The Enjoyment of Reading
Posted on April 30th, 2025
(As published in The Island today)
One of the well-known benefits of reading is that you can get enormous fun from what you read. Many great writers have written funny or entertaining or even stimulating pieces of great literature. But you will have to be introduced to famous works as, although you are students of English, no-one will trouble themselves to explains show or bring these works to your attention. So read on..
Charles Dickens lived in Victorian London. He has written many amusing pieces in his Pickwick Papers.” He describes the adventures of Mr Pickwick, and describes Mr Pecksniff and even the snuff and drinking habits of dear old Sairy Gamp who attends to the recently dead and prepares them for sending to the mortuary. These are just two of the many characters found in Pickwick Papers” (The amazing adventures of the Pickwick Club.) These Pickwick Papers were very popular only a generation or two ago. His colourful descriptions allow our imaginations to conjure up vivid Victorian London scenes. Life in the villages of England was very difficult and everyone thought London was a paradise for work, food and good beer! Everyone eagerly bought Pickwick Papers to learn more of the Pickwick Club and events in London, that dream destination for all English villagers.

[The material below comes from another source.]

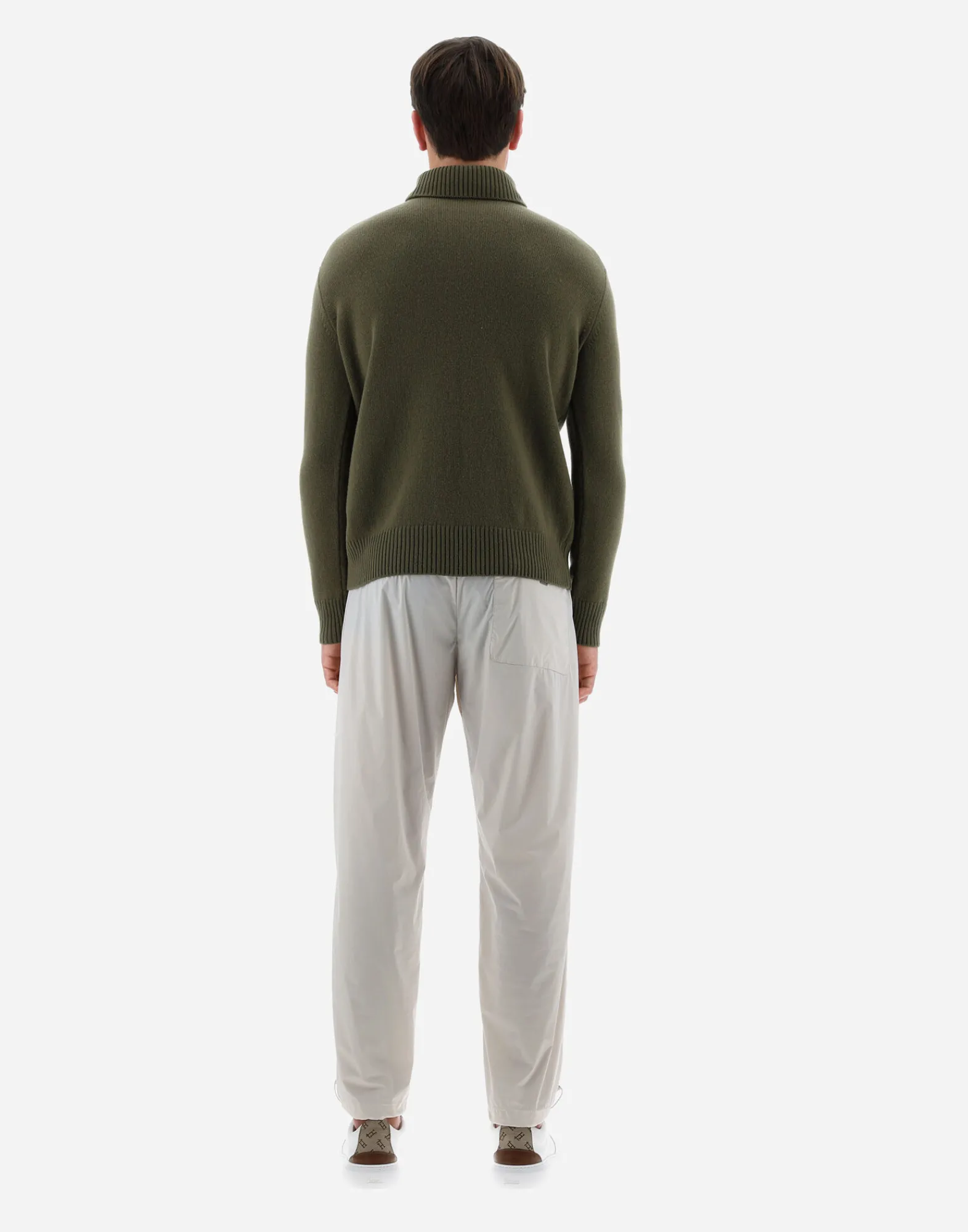 Herno Sweatshirts & Strickjacken-Resort Pullover Aus Light Infinity Wool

No-one will introduce you to Longfellow’s The Pied Piper of Hamlyn.” This poem is based on an old legend. It was said that a plague of rats was running wild in a small town in Germany about 800 years ago. The Pied Piper came and rid the town of rats. He did this for a fee, a good reward, but then was denied payment by the Mayor who had commissioned him to remove the rats. The revenge of the Pied Piper on the town is quite shocking. Longfellow’s powerful descriptions on the several scenes of dramatic action make this poem a charming piece of English literature.
William Wordsworth’s Daffodils” is a most powerfully evocative poem with words carefully chosen to describe what he saw. The writing is when he viewed thousands of bright yellow daffodils dancing in the breeze (gentle wind) creating a great vista for his viewing, which remained with him and brought pleasure to him on quiet moments. This is the English language waiting for all students to explore.
There are plenty of dismal, turgid writings about historical injustice and brutality by colonizers to countless oppressed people around the world – such writers have a valid message but here we want to introduce pleasant reading matter that elevates the reader to gain pleasant satisfaction and new good ideas from what he reads. There are many wonderful stories and great writers waiting for the reader to discover many beautiful writings that will make him or her happy.
William Henry Davis, a Welshman and vagrant wanderer, wrote a most charming, beautiful poem: What is this Life if Full of Care?” He writes about how he regrets that we humans are always in a hurry, too busy to notice or see the delights of nature, and scenes of natural beauty, e.g., a young woman’s smile as she passes by; we have no time to make friends and even kiss her. Regrets!
This is the real English to be tasted and then swigged at lustily in pleasure and satisfaction, not some writing airing historical grievances for children to study!